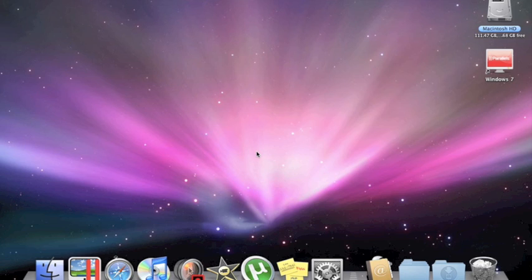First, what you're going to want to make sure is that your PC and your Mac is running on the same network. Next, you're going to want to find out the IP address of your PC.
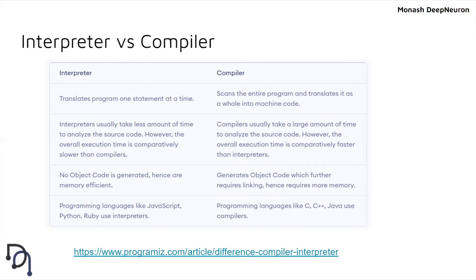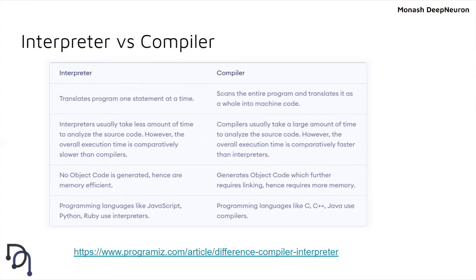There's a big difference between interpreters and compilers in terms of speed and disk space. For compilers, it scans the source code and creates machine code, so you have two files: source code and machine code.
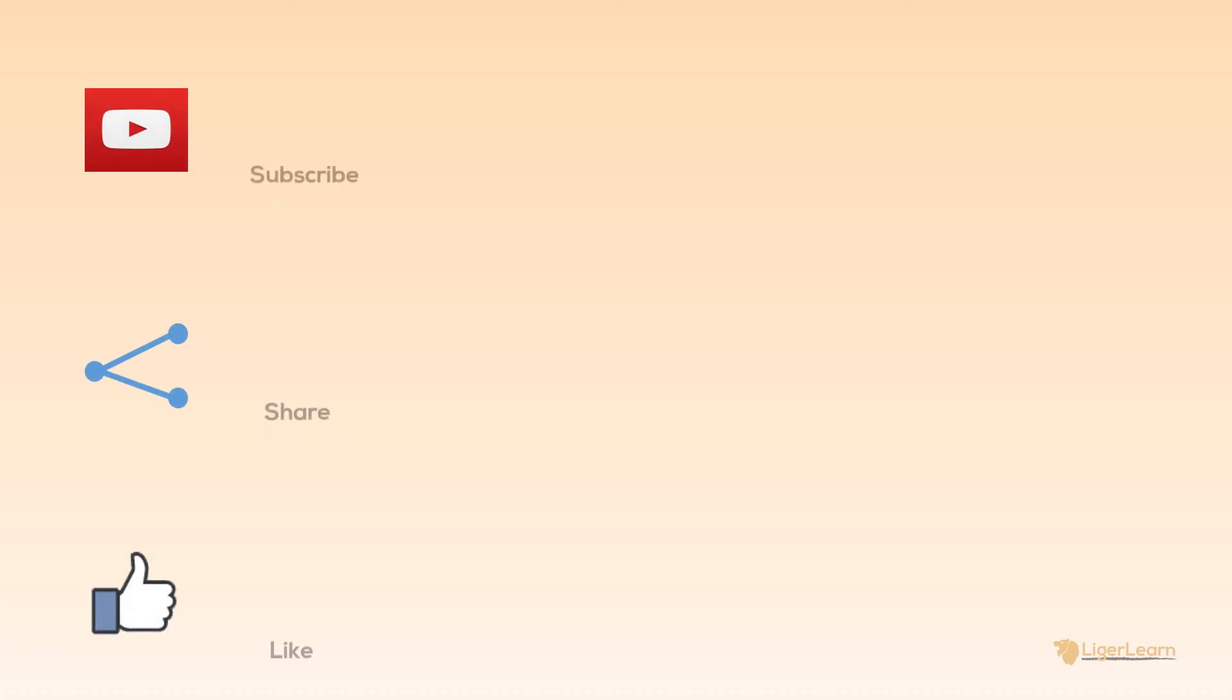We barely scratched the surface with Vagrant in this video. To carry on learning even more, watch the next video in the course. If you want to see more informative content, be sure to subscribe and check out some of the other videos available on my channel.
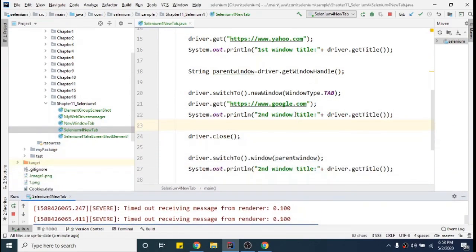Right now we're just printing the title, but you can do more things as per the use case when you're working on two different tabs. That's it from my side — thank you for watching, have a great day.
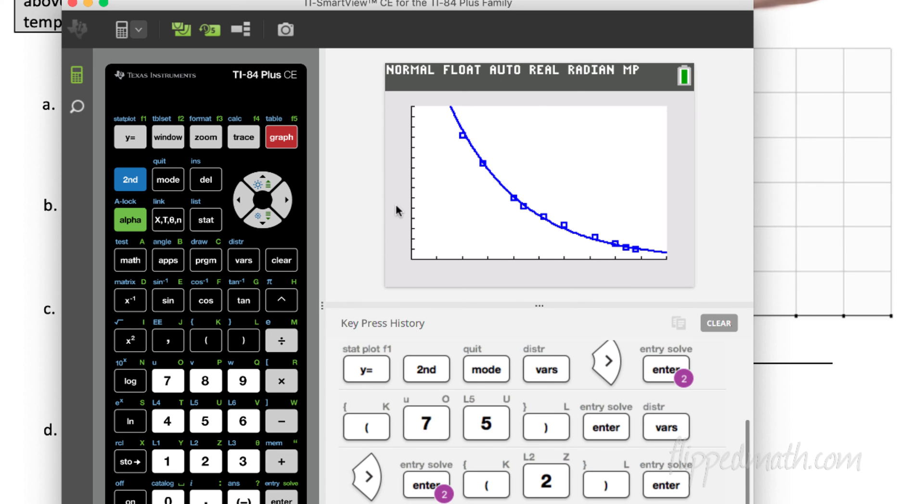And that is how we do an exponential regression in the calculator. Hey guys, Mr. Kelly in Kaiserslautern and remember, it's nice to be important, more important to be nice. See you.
━━━━━━━━
→ The problem:
Your answer must be an exact transcription of every entry, minus the pictures.

→ Expected answer:
First, what you're going to want to make sure is that your PC and your Mac is running on the same network. Next, you're going to want to find out the IP address of your PC.
There's a big difference between interpreters and compilers in terms of speed and disk space. For compilers, it scans the source code and creates machine code, so you have two files: source code and machine code.
We barely scratched the surface with Vagrant in this video. To carry on learning even more, watch the next video in the course. If you want to see more informative content, be sure to subscribe and check out some of the other videos available on my channel.
Right now we're just printing the title, but you can do more things as per the use case when you're working on two different tabs. That's it from my side — thank you for watching, have a great day.
And that is how we do an exponential regression in the calculator. Hey guys, Mr. Kelly in Kaiserslautern and remember, it's nice to be important, more important to be nice. See you.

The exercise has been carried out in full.